Work to complete –
The material below is to be copied exactly from the line with "The King of Diamonds - Paperback" up to and including the line with "[PRE ORDER] Learning", with nothing else kept and no pictures.

Record extracts –

##########

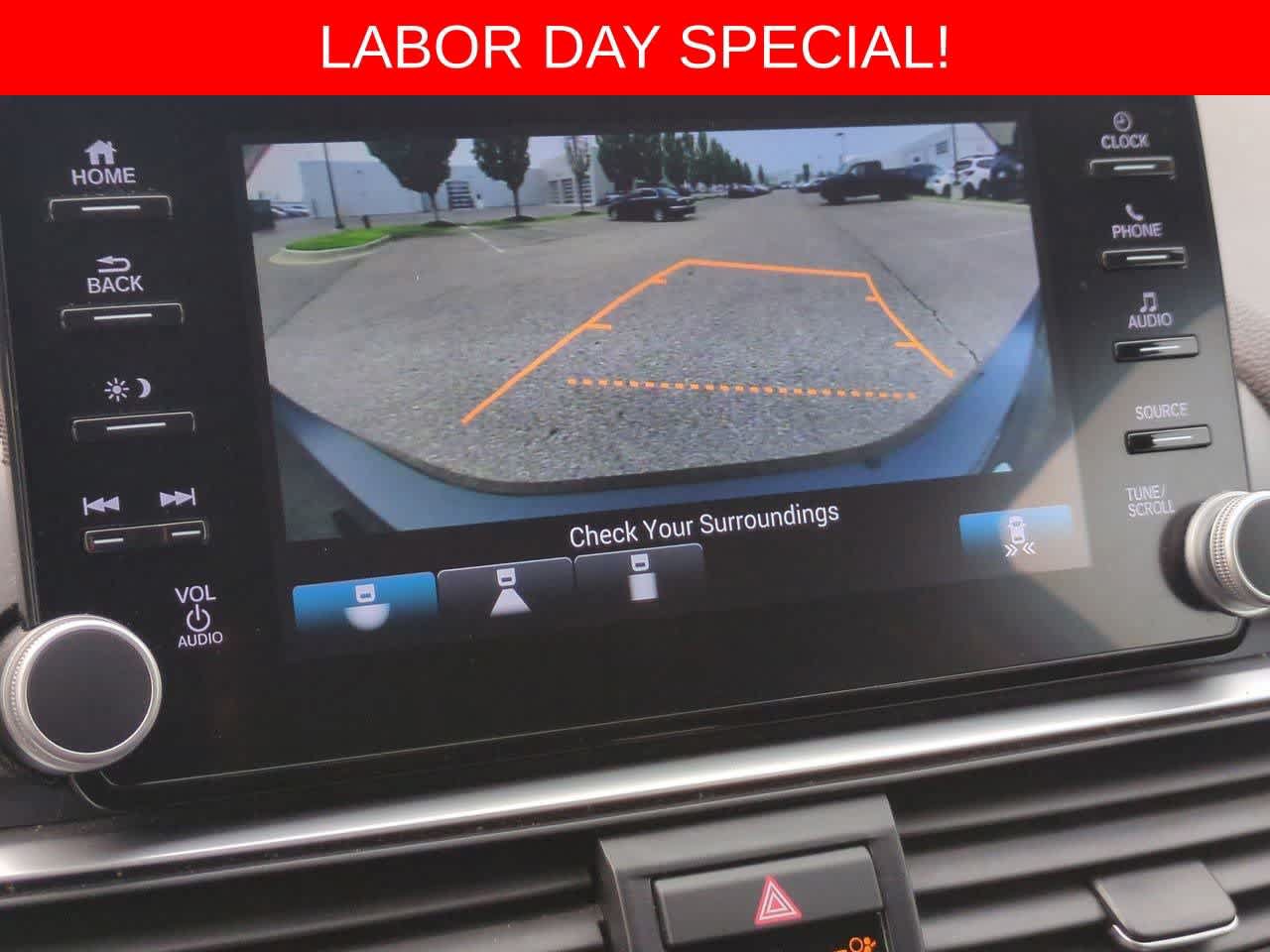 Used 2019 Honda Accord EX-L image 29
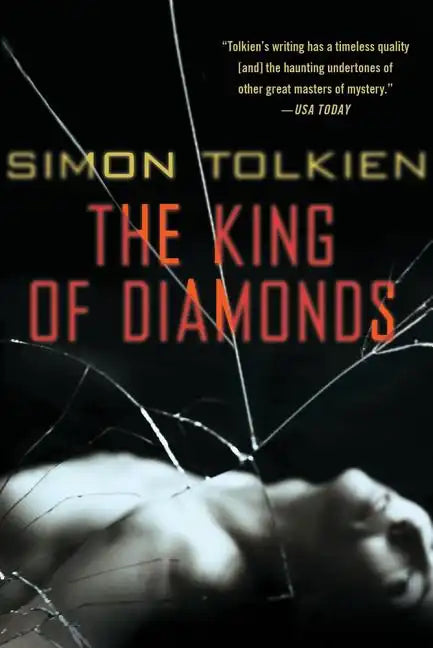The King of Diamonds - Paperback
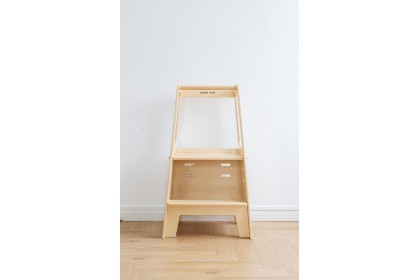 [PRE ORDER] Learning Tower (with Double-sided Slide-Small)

##########

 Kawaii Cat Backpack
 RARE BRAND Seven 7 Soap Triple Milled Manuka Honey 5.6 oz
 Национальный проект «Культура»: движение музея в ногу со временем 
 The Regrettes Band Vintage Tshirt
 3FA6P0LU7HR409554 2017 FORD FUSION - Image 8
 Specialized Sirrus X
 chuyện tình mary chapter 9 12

##########

Answer to the problem –
The King of Diamonds - Paperback
 [PRE ORDER] Learning Tower (with Double-sided Slide-Small)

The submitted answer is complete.